→ Task item
For this exercise, restate word for word only the lines from the first line of the data to the line containing "I hope this".

(Stored items)
· · · · ·
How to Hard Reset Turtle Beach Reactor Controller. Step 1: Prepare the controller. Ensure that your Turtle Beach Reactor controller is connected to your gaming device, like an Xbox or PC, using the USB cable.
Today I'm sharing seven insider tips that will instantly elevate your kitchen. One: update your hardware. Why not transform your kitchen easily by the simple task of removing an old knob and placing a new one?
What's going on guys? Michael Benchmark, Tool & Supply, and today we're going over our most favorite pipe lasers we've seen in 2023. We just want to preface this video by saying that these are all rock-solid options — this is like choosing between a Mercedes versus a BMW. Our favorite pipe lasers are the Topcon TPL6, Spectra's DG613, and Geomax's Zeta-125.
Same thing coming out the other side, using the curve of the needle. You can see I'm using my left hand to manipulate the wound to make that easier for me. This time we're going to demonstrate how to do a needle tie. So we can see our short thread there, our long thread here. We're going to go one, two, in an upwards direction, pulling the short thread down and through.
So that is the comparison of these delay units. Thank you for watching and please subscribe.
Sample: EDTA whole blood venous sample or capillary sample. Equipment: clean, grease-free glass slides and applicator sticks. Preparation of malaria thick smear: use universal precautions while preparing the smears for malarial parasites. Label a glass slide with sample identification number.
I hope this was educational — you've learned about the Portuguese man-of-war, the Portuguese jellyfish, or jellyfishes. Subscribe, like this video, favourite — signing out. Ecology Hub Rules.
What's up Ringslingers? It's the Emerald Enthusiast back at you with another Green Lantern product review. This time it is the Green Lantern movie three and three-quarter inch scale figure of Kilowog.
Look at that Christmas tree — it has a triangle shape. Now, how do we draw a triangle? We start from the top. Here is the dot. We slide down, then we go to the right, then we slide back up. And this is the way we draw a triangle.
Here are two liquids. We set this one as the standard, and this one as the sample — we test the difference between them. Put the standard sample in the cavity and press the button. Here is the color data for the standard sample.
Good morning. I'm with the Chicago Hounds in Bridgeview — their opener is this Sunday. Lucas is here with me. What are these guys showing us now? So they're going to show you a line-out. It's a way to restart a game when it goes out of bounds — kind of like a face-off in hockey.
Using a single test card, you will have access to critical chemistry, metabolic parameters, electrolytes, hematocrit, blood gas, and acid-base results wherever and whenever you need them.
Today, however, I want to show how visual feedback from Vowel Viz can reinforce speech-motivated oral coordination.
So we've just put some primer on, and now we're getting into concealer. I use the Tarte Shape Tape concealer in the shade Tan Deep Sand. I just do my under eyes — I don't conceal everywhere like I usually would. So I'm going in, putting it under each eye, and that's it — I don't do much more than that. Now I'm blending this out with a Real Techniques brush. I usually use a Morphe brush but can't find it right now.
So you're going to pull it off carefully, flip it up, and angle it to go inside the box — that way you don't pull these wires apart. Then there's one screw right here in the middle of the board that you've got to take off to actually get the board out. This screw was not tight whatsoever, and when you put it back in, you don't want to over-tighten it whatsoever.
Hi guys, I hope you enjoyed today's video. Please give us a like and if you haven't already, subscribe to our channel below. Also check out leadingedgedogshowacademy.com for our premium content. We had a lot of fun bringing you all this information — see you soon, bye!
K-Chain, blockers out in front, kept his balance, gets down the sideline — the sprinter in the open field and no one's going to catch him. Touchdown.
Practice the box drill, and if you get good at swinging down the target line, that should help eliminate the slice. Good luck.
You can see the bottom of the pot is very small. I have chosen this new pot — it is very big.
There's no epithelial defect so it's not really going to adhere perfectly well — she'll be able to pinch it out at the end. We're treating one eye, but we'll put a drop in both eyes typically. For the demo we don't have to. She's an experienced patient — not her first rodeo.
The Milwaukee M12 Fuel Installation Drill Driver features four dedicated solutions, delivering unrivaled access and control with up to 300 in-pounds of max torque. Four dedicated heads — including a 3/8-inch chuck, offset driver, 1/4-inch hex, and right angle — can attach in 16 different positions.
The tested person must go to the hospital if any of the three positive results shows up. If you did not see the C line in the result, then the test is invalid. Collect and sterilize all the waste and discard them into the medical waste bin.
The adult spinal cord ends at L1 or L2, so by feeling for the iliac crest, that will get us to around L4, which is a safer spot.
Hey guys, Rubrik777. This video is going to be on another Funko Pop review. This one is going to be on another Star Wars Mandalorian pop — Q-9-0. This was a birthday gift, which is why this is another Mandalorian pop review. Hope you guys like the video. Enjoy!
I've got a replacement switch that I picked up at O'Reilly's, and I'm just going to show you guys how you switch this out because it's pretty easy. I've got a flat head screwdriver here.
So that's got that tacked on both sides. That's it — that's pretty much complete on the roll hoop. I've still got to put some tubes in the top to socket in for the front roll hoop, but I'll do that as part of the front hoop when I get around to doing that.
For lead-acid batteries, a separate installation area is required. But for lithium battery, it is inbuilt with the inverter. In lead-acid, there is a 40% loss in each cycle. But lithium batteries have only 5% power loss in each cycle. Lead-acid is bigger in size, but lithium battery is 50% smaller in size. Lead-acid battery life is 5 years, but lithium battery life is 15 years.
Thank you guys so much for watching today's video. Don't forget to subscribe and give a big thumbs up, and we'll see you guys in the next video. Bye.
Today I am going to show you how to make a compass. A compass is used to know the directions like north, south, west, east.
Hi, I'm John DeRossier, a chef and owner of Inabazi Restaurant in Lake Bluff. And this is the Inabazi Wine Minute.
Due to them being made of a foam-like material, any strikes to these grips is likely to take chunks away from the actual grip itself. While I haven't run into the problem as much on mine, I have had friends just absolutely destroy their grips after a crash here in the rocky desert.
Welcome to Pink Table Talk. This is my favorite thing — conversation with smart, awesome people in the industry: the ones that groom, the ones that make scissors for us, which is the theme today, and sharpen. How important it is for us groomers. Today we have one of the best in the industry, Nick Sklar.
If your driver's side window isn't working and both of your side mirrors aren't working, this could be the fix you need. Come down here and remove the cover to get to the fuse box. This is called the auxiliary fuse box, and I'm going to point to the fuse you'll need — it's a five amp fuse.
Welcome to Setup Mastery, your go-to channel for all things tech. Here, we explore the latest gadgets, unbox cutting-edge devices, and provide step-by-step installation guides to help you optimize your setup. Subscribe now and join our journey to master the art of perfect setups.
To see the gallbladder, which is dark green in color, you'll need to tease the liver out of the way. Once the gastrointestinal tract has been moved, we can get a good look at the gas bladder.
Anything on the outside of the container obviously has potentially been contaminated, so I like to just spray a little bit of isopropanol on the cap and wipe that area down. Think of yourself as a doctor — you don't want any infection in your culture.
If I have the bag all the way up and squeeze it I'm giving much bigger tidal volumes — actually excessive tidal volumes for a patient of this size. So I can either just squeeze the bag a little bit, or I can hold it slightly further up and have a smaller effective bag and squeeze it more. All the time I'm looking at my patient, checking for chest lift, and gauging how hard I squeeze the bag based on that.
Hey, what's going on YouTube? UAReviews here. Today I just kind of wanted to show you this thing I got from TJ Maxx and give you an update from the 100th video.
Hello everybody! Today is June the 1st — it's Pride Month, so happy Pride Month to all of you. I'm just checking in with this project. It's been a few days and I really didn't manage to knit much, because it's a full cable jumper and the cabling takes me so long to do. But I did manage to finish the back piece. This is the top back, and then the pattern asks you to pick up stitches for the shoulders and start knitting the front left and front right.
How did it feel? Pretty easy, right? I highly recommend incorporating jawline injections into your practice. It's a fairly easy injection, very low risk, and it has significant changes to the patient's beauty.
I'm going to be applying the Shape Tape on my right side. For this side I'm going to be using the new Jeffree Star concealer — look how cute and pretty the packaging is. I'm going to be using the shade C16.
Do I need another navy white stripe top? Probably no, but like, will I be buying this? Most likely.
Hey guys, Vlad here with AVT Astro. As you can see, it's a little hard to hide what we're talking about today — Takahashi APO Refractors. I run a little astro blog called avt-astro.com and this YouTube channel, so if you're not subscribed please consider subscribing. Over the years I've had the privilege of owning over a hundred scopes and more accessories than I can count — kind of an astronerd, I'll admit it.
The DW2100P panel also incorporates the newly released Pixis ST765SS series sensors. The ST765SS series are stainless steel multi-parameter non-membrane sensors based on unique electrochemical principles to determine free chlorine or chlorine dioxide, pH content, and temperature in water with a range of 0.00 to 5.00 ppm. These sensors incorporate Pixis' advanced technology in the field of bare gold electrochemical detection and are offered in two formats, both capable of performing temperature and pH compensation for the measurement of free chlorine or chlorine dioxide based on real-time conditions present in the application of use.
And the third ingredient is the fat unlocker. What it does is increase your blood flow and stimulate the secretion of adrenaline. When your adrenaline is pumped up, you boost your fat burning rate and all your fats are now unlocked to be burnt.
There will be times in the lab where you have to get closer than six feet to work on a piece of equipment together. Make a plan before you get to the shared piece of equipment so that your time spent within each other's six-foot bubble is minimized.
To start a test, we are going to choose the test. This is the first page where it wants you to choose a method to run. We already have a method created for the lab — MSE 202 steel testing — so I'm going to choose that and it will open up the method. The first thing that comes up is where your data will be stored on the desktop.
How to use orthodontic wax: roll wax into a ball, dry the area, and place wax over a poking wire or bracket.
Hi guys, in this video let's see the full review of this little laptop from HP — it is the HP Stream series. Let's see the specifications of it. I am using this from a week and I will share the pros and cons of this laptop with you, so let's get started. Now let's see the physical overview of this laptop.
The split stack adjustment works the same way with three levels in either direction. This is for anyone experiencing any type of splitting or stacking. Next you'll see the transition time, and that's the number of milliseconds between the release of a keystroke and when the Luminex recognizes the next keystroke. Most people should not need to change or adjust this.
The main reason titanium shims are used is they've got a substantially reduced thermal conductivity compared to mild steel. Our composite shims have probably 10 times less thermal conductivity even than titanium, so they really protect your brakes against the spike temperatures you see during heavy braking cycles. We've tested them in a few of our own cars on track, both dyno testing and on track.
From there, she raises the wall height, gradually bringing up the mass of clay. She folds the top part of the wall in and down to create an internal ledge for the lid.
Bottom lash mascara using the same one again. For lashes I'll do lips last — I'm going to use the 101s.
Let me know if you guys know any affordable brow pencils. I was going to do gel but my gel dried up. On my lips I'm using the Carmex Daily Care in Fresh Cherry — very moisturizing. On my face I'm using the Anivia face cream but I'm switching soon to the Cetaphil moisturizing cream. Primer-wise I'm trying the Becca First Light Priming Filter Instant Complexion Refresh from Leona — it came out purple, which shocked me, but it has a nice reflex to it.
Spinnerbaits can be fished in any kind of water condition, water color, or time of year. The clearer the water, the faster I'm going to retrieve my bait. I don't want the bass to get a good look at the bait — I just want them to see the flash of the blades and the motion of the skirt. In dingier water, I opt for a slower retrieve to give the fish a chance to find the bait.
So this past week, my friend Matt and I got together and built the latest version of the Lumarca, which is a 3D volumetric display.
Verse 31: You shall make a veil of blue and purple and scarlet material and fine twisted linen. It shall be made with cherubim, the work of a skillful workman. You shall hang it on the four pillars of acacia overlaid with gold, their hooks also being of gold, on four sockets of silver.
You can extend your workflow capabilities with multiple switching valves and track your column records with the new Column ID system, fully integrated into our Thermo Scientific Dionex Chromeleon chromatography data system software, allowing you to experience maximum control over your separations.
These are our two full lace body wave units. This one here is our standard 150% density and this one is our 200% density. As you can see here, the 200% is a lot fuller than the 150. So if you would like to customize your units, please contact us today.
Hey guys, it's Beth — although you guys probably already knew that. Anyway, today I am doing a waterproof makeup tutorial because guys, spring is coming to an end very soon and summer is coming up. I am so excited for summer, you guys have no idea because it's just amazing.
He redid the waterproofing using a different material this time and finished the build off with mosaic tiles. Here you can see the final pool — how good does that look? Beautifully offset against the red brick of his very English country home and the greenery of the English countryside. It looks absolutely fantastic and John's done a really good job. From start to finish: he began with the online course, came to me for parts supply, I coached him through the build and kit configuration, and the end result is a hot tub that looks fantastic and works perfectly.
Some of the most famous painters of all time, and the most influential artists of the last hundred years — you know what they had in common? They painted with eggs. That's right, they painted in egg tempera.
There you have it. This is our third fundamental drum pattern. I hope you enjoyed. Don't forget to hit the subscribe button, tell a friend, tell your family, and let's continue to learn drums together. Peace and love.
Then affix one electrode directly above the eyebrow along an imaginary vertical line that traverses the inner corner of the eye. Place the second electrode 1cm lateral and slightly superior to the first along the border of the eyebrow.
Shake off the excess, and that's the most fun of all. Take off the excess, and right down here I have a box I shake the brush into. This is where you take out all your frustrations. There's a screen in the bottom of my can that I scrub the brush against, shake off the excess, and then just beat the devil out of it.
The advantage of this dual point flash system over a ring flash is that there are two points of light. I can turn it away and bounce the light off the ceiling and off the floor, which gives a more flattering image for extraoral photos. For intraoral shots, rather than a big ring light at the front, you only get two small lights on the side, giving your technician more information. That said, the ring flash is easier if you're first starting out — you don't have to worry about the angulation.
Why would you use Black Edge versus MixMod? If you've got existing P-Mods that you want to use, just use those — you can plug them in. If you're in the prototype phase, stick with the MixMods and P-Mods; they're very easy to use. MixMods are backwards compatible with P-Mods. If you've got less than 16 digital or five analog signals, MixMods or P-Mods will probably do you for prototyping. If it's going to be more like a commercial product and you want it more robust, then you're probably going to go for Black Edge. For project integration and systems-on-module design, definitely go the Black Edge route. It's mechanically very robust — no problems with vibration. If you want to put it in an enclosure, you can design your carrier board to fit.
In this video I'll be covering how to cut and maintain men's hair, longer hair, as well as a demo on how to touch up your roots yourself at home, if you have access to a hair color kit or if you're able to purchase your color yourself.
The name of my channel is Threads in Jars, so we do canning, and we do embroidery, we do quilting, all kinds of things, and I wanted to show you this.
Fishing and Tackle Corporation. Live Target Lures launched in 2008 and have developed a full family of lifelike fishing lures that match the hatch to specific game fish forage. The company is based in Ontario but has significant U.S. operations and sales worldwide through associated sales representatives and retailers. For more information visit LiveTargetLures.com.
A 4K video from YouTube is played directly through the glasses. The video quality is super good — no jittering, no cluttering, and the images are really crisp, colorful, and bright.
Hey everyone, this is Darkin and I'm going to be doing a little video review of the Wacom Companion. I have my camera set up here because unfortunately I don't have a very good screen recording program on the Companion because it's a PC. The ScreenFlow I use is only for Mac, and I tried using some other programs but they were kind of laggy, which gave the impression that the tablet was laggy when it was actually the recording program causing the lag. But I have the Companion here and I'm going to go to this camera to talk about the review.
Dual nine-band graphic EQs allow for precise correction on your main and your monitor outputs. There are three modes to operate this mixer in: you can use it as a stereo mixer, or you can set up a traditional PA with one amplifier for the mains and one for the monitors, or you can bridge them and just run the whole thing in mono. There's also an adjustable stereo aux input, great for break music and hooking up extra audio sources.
· · · · ·
→ Expected answer
How to Hard Reset Turtle Beach Reactor Controller. Step 1: Prepare the controller. Ensure that your Turtle Beach Reactor controller is connected to your gaming device, like an Xbox or PC, using the USB cable.
Today I'm sharing seven insider tips that will instantly elevate your kitchen. One: update your hardware. Why not transform your kitchen easily by the simple task of removing an old knob and placing a new one?
What's going on guys? Michael Benchmark, Tool & Supply, and today we're going over our most favorite pipe lasers we've seen in 2023. We just want to preface this video by saying that these are all rock-solid options — this is like choosing between a Mercedes versus a BMW. Our favorite pipe lasers are the Topcon TPL6, Spectra's DG613, and Geomax's Zeta-125.
Same thing coming out the other side, using the curve of the needle. You can see I'm using my left hand to manipulate the wound to make that easier for me. This time we're going to demonstrate how to do a needle tie. So we can see our short thread there, our long thread here. We're going to go one, two, in an upwards direction, pulling the short thread down and through.
So that is the comparison of these delay units. Thank you for watching and please subscribe.
Sample: EDTA whole blood venous sample or capillary sample. Equipment: clean, grease-free glass slides and applicator sticks. Preparation of malaria thick smear: use universal precautions while preparing the smears for malarial parasites. Label a glass slide with sample identification number.
I hope this was educational — you've learned about the Portuguese man-of-war, the Portuguese jellyfish, or jellyfishes. Subscribe, like this video, favourite — signing out. Ecology Hub Rules.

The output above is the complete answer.